Solar cluster: Alternate solution to the PicoPSU

So, I’ve been doing a bit of research about how I can stabilise the battery voltage which will drift between around 11V and 14.6V. It’s a deep-cycle type battery, so it’s actually capable of going down to 10V, but I really don’t want to push it that far.

Once I get below 12V, that’s the time to signal to the VM hosts to start hibernating the VMs and preparing for a blackout, until such time as the voltage picks back up again.

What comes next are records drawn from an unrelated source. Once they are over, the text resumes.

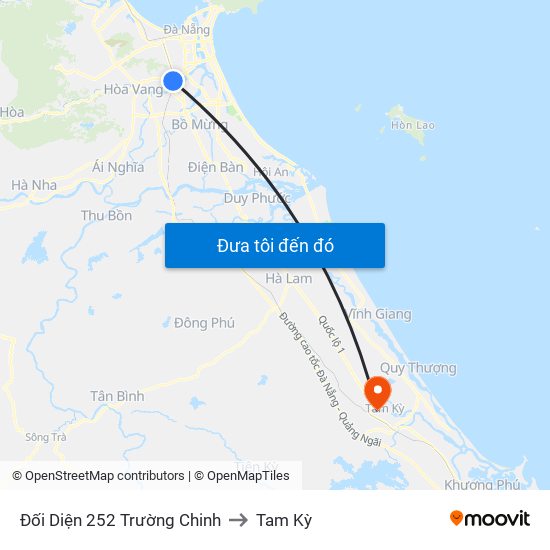 Đối Diện 252 Trường Chinh to Tam Kỳ map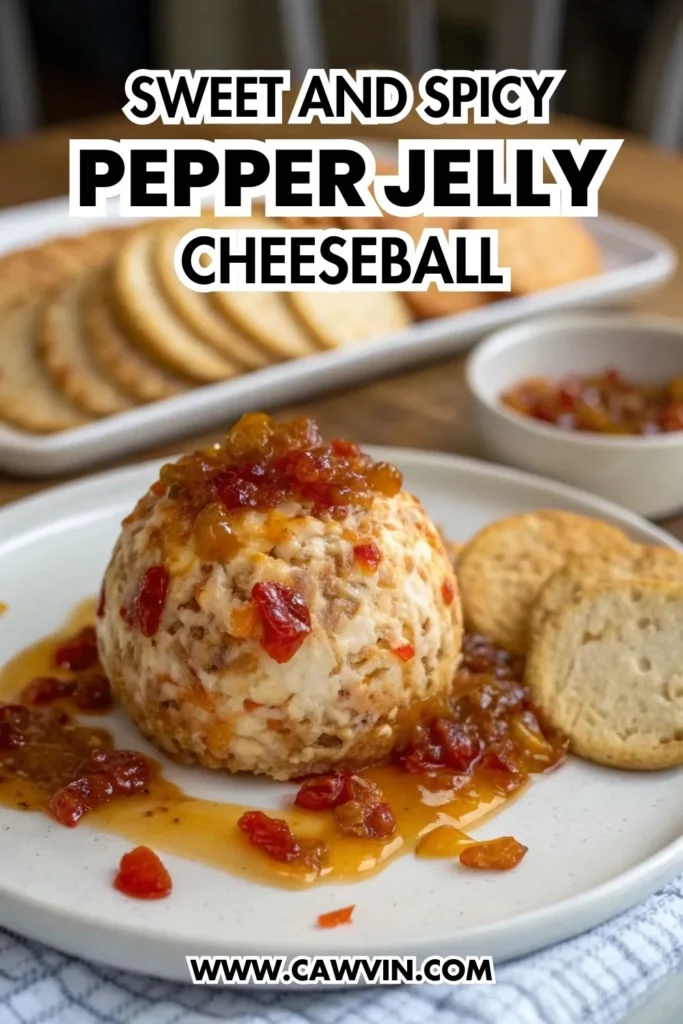 Sweet and Spicy Pepper Jelly Cheeseball 1000x1500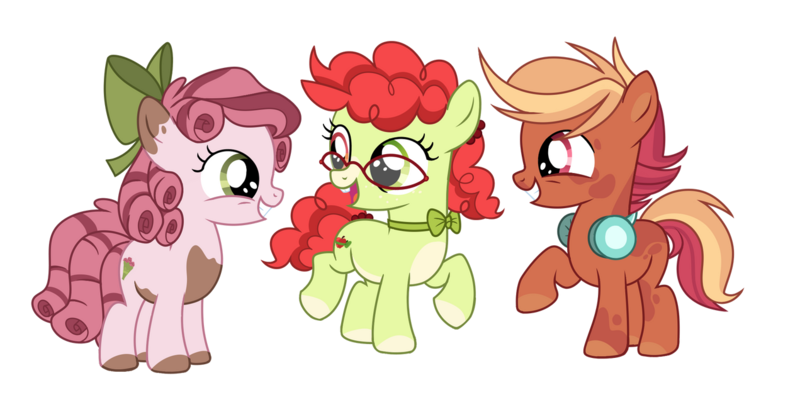 Size: 1271x628 | Tagged: safe, artist:primrosepaper, derpibooru import, oc, oc:combo breaker, oc:rosebud, oc:sour apple tart, unofficial characters only, earth pony, pony, bow, bucktooth, coat markings, colt, female, filly, foal, g4, glasses, grin, hair bow, headphones, headphones around neck, heterochromia, image, male, next generation, offspring, pale belly, parent:button mash, parent:pipsqueak, parent:scootaloo, parent:sweetie belle, parents:scootamash, parents:sweetiesqueak, parents:twistbloom, pinto, png, ribbon, simple background, smiling, transparent background, trio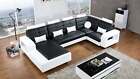 4PC Black White Modern Faux Leather Sofa  Chaise Chair Corner Sectional Set
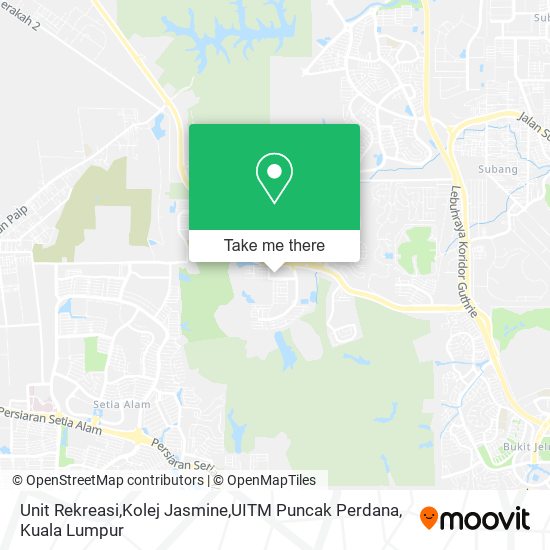 Peta Unit Rekreasi,Kolej Jasmine,UITM Puncak Perdana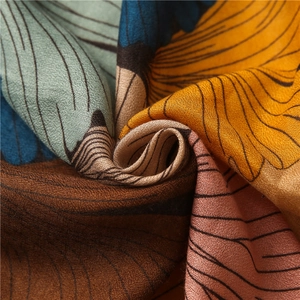 Detailed macro shot of vintage gingko leaf pattern on colorful linen-feel fabric scarf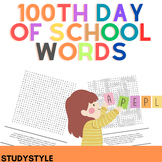 100TH DAY OF SCHOOL Word Search Puzzle Worksheet Activity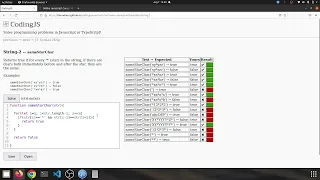 String 2 sameStarChar Javascript solution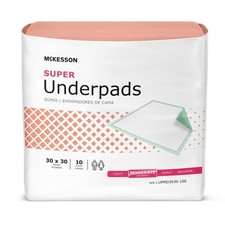 100 McKesson Moderate Absorbency Disposable Adult Bed Pad Underpads 30x30"
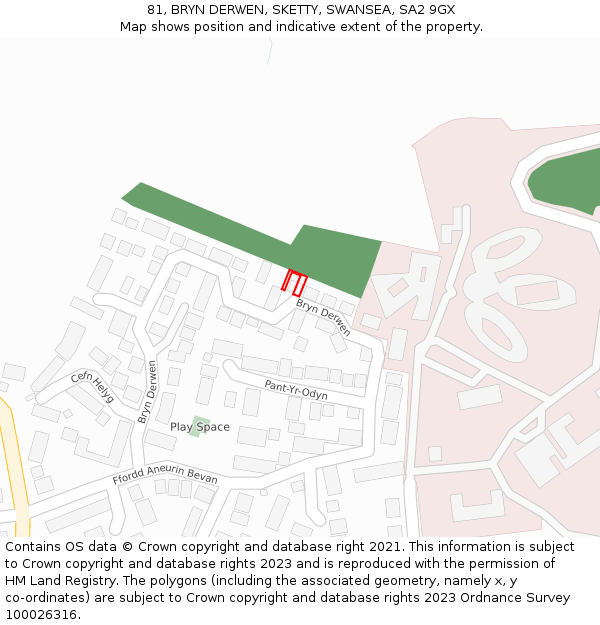 81, BRYN DERWEN, SKETTY, SWANSEA, SA2 9GX: Location map and indicative extent of plot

The rise above 13.5V is a challenge due to the PicoPSU limitations. @Vlad Conut rightly pointed out that the M3-ATX-HV PSUs sold by the same company would have been a better choice. For about $20 more, or an extra $100 for the cluster, I’d have something that’d work 6-30V. I’d still have to solve the problem with the switch, but it’d just be that one device, not 6.

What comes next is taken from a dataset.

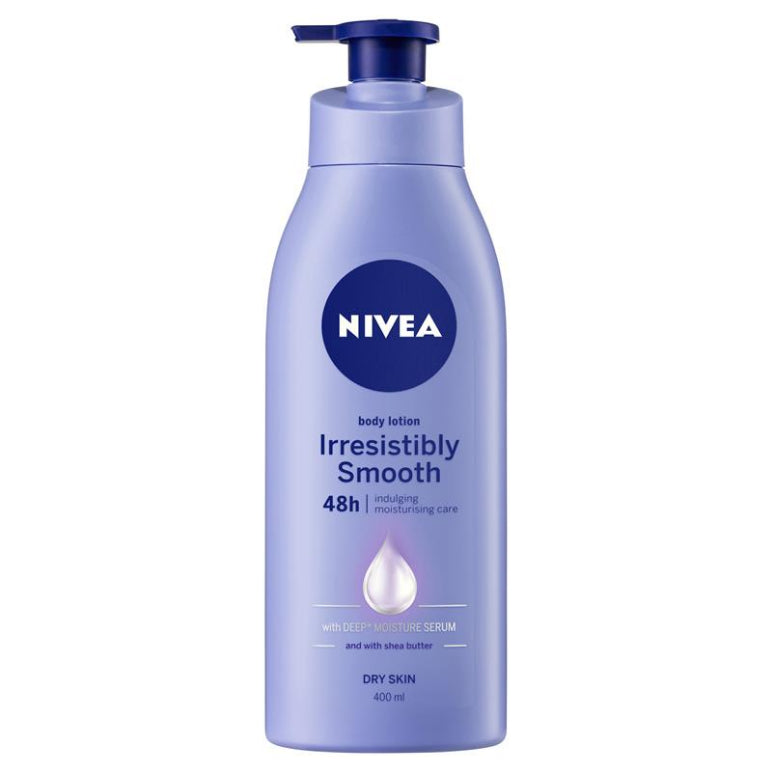 NIVEA Irresistibly Smooth Body Lotion Moisturiser 48H 400ml front image on Livehealthy HK imported from Australia
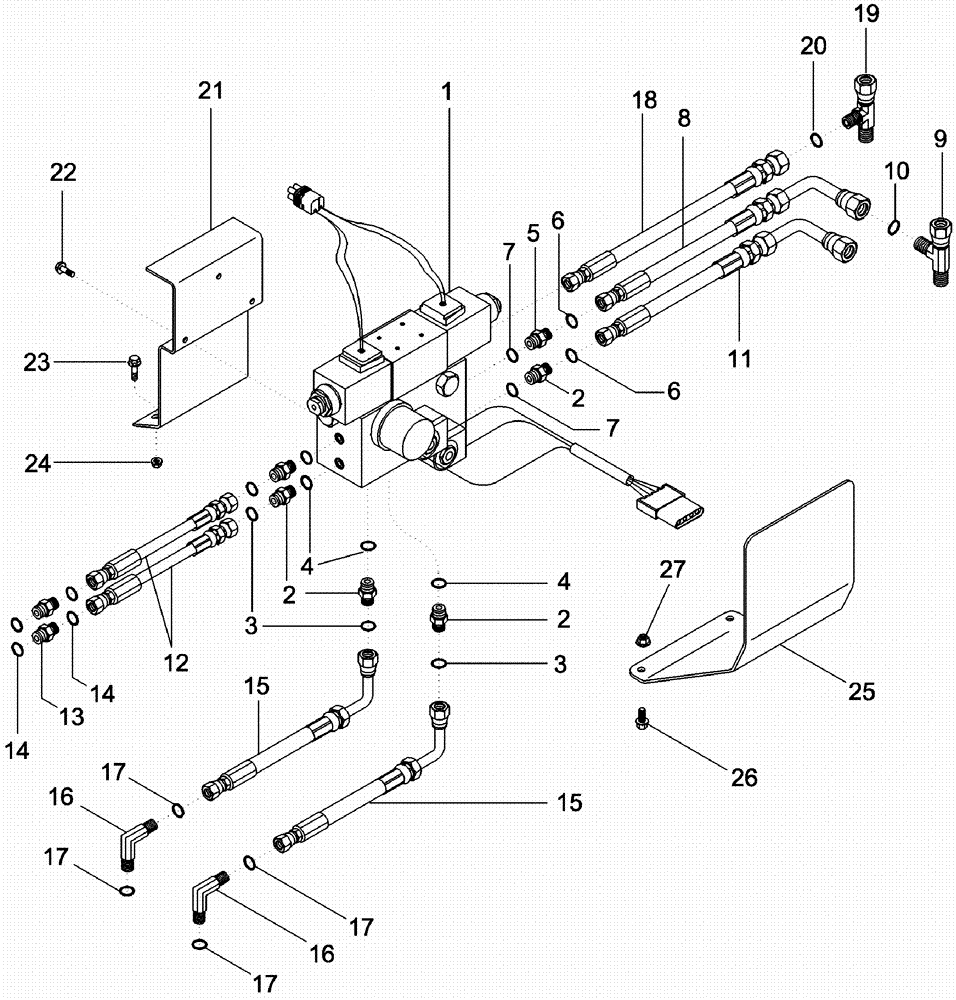 Схема запчастей Case IH 620 - (08-39) - ROW GUIDANCE HYDRAULICS AND SENSORS, IF EQUIPPED (07) - HYDRAULICS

Maybe it was because they were out of stock that I went the PicoPSU route, I also wasn’t sure about power demands, I knew the CPU needed 20W, but wasn’t sure about everything else. So I over-dimensioned everything. Hindsight is 20:20.

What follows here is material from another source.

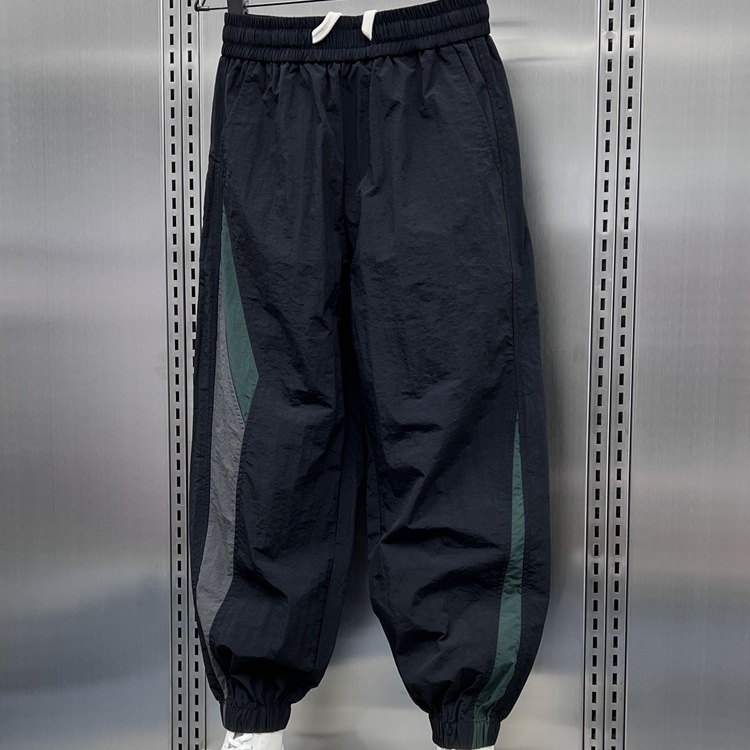 Summer quick drying striped patchwork outdoor leggings for men's trendy loose wide leg casual cropped Harlen pants_voghion.com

One option I considered was a regulator in front of each node. I had mentioned the LM7812 because I knew of it. I also knew it was a crap choice for this task, the 1.5V drop, with a 5A load would result in about 7.5W dissipated thermally. So 20W would jump to nearly 28W — not good.

That of course assumes a 7812 would handle 5A, which it won’t.

LDOs were the way to go for anything linear, otherwise I was looking at a switchmode power supply. The LM2576 has similar requirements to the LM7812, but is much more efficient being a buck converter. If 1.5V was fine, I’d be looking for a 5A-capable equivalent.

The other option would be to have one single power supply regulate power for all nodes. I mentioned in my previous log about the Redarc DC-DC power supply, and that is certainly still worthy of consideration. It is a single point of failure however, but then again, Redarc aren’t known for making crap, and the unit has a 2 year warranty anyway. I’d have downtime, but would not lose data if this went down.

@K.C. Lee pointed me to one LDO that would be a good candidate though, and is cheap enough to be worth the experiment: the Micrel MIC29750. 7.5A current, and comes in an adjustable form up to 16V. I’d imagine if I set this near 13.5V, it’d dissipate maybe 2.5W max at 5A, or 1W at 2A. Much better.

Not as good as Redarc’s solution of course, and that’s still an option, but cheap enough to try out.